[Linux-cluster] GFS Problem: invalid metadata block

Tue Oct 10 20:09:45 UTC 2006

Matt Eagleson wrote:
> Hello,
>
> I have been evaluating a GFS cluster as an NFS solution and have 
> unfortunately run in to a serious problem which I cannot explain.  
> Both of the GFS filesystems I am exporting became corrupt and unusable.
>
> The system is Redhat AS4 with 2.6.9-42.0.2.ELsmp.  I cannot find 
> anything unusual on the host or the SAN at the time of this error.  
> Nobody was logged in to the nodes.
>
> Can anyone help me understand what is happening here?
>
> Here are the logs:

Hi Matt,

These errors indicate file system corruption on your SAN.  The "bh =" is 
the
block number where the error was detected.  Two of the errors were found
in GFS resource group data ("RG"), which are areas on disk that indicate 
which
blocks on the SAN are allocated and which aren't.  (Not to be confused 
with the
Resource Groups in rgmanager, which is something completely different.) 
The third error is usually reserved for the quota file inode. 
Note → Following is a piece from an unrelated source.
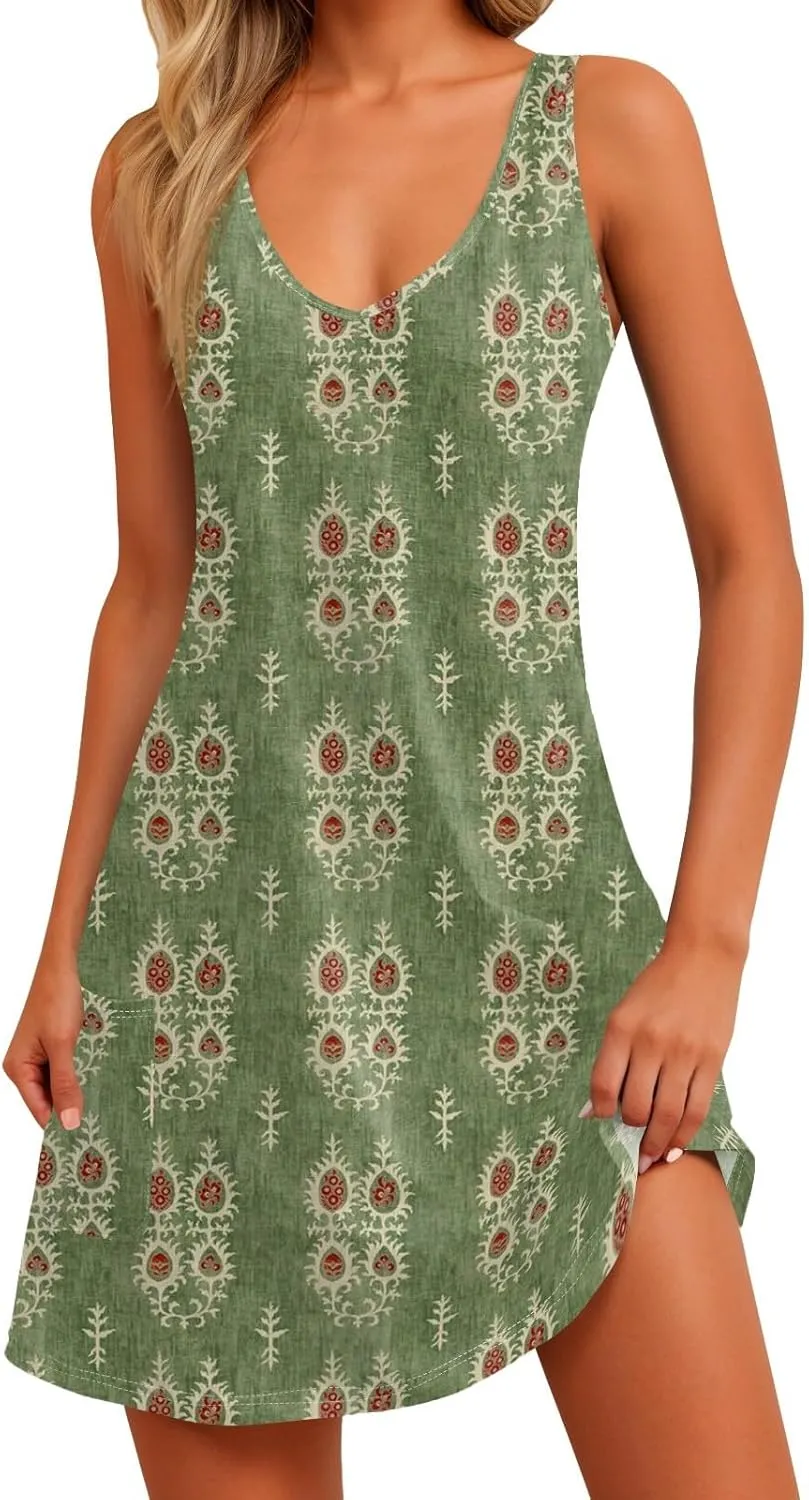 Mini Dresses for Women V Neck Floral Print Tank Dresses Sleeveless Sundresses Swing Beach Dress Beach Cover Ups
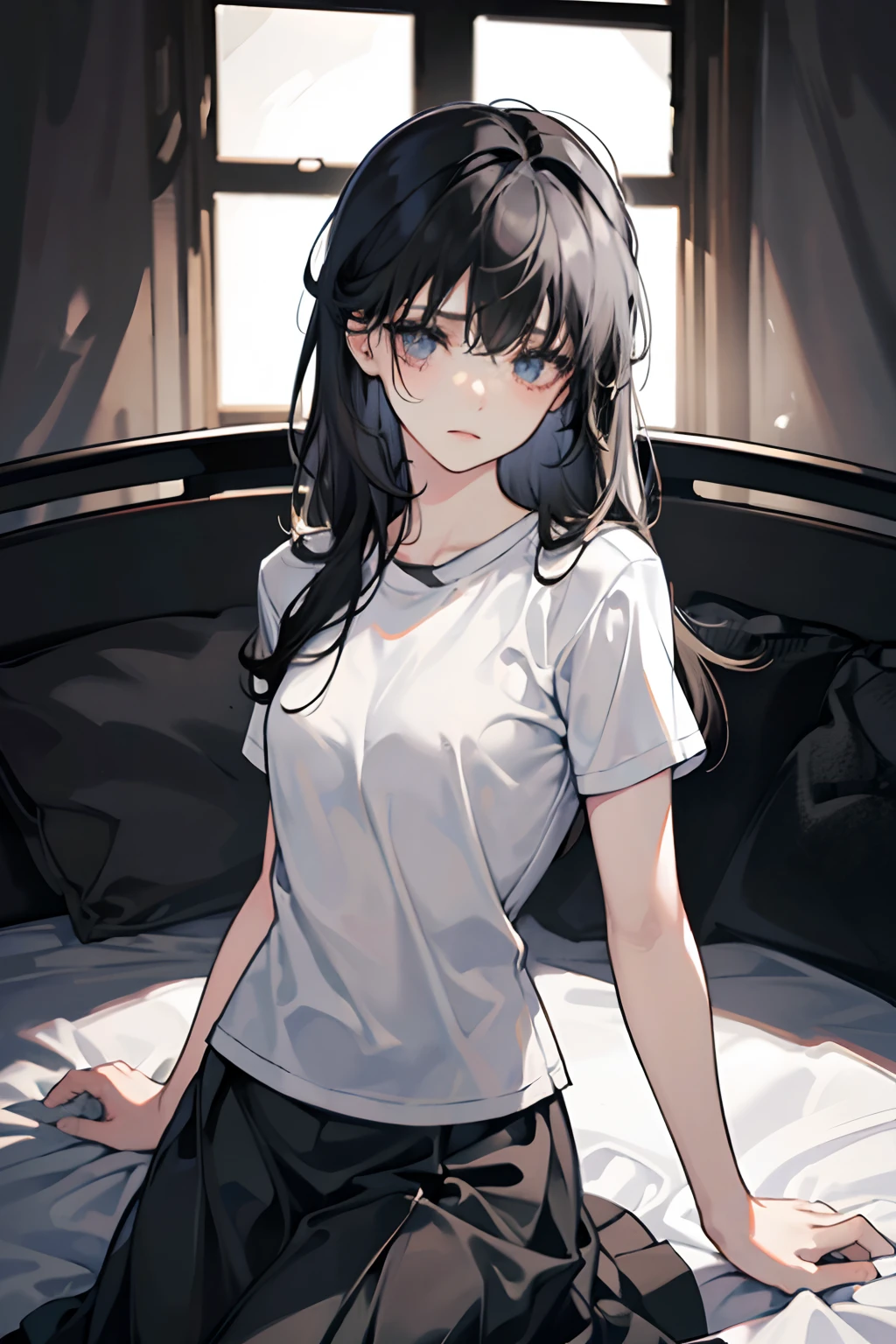 1female, age 39 face, emotionless face, long black hair with bangs, flat chest, thin body, messy room, dark apartment room with window, sitting on bed, t shirt and long skirt, bleak atmosphere, pale colors, depressing, looking at viewer, detailed eyes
Corruption in the RG information is extremely rare, and may indicate a 
hardware
problem with your SAN.  The fact that both nodes detected problems in 
different
areas is an indication that the problem might be in the SAN itself 
rather than
the motherboards, fibre channel cards or memory of the nodes, although 
that's
still not guaranteed.  Many things can cause data corruption.

I recommend you:

1. Verify the hardware is working properly in all respects.  One way you 
can do this
    is to make a backup of the raw data to another device and verify the 
copy against
    the original without GFS or any of the cluster software in the mix.
    For example, unmount the file system from all nodes in the cluster, 
then do
    something like "dd if=/dev/my_vg/lvol0 of=/mnt/backup/sanbackup" then:
    "diff /dev/my_vg/lvol0 mnt/backup/sanbackup"  (assuming of course that
    /dev/my_vg/lvol0 is the logical volume you have your GFS partition 
on, and
    /mnt/backup/ is some scratch area big enough to hold that much data.)
    The idea here is simply to test that reading from the SAN give you
    the same data twice.  If that works successfully on one node, try it 
on the other node.
2. Once you verify the hardware is working properly, run gfs_fsck on it.
    The latest version of gfs_fsck can repair most GFS rg corruption.
3. If the file system is fixed okay, you should back it up.
4. You may want to do a similar test, only writing data to the SAN, then 
reading it
    back and verifying the results.  Obviously this will destroy the 
data on your SAN
    unless you are careful, so if this is a production machine, please 
take measures
    to protect the data before trying anything like this.
5. If you can read and write to the SAN reliably from both nodes without 
GFS,
    then try using it again with GFS and see if the problem comes back.

Perhaps someone else (the SAN manufacturer?) can recommend hardware
tests you can run to verify the data integrity.

I realize these kinds of tests take a long time to do, but if it's a 
hardware problem,
you really need to know.  There's a outside chance the problem is somewhere
in the GFS core, but I've personally only seen this type of corruption 
once or twice
so I think it's unlikely.  If you can recreate this kind of corruption 
with some kind of
test, please let us know how.

Regards,

Bob Peterson
Red Hat Cluster Suite